In questo mondo le persone vogliono il successo nel campo dell’attività interessata, perciò venerano gli esseri celesti e raccolgono in breve tempo i frutti del proprio lavoro.

Sono molti coloro che si sbagliano completamente sulla natura dei deva e anche se si fanno passare per grandi eruditi, danno prova di poca intelligenza quando li scambiano per forme del Signore stesso, perché in realtà i deva sono solo frammenti infinitesimali della Sua persona. Dio è Uno, mentre le Sue parti integranti sono innumerevoli. I Veda dichiarano: nityo nityānām, “Dio è Uno.” Īśvaraḥ paramaḥ kṛṣṇaḥ: “C’è un solo Dio ed è Kṛṣṇa.” I deva sono esseri individuali (nityānām) dotati di poteri più o meno importanti per amministrare l’universo materiale, non possono mai uguagliare Dio, Kṛṣṇa, Nārāyaṇa o Viṣṇu, e chiunque creda il contrario dev’essere considerato un ateo (pāṣaṇḍī). Anche Brahmā e Śiva, i più grandi tra i deva, rendono culto al Signore Supremo (śiva- viriñci-nutam) e non possono essere paragonati a Lui. Eppure, per quanto assurdo possa sembrare, c’è gente così stupida che venera differenti personalità di questo mondo, aderendo così ai concetti errati di antropomorfismo o zoomorfismo.

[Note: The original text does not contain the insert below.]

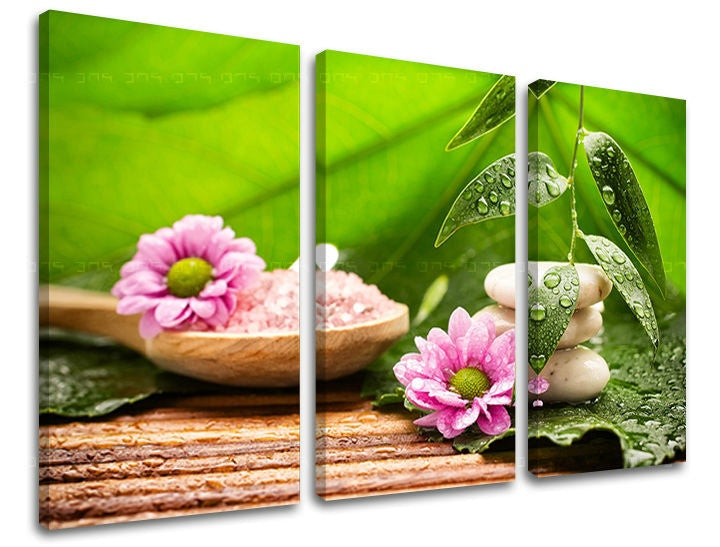 Clasic tablou pe pânză cu motivul FENG SHUI, natură în alb-roz nuanțe, atmosferă liniștită, natură, potrivit pentru sufragerie | Tablou de perete FENG SHUI – principală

Le parole iha devatāḥ indicano un potente personaggio del mondo materiale, uomo o deva  che sia, ma Nārāyaṇa, Viṣṇu, Kṛṣṇa, il Signore Supremo, non è  di questo mondo. Dio trascende la manifestazione materiale. Anche Śrīpāda Śaṅkarācārya, il capo degli impersonalisti, sostiene che Nārāyaṇa, Kṛṣṇa, è al di là della creazione materiale, ciononostante gli sciocchi (ḥrta-jñāna) rendono culto ai deva per ottenere risultati materiali immediati. Raccolgono quindi i frutti desiderati, ma senza rendersi conto che sono temporanei e destinati alle persone meno intelligenti. Le persone veramente intelligenti vivono in coscienza di Kṛṣṇa e non sentono il bisogno di adorare i deva per ottenere benefici immediati ma effimeri. I deva infatti, come i loro adoratori, scompaiono insieme all’universo materiale e i benefici che concedono sono dunque materiali e transitori. Anche se i mondi materiali e i loro abitanti, inclusi i deva e i loro fedeli, sono solo bolle nell’oceano cosmico, la gente lotta febbrilmente per i beni provvisori di questo mondo —denaro, proprietà, famiglia e comodità— e per possederli non esita a venerare i deva o potenti personalità. Se adulando un politico qualcuno ottiene una carica governativa, sarà convinto di beneficiare del favore più grande; si getta ai piedi di potenti personaggi e “grossi calibri” e ottiene qualche beneficio passeggero. Nessun interesse invece per la coscienza di Kṛṣṇa come soluzione definitiva ai mali dell’esistenza materiale. Tali individui anelano solo ai piaceri  di questo mondo e per accedervi più facilmente si dedicano al culto dei deva, ignorando che essi sono investiti di potere dal Signore.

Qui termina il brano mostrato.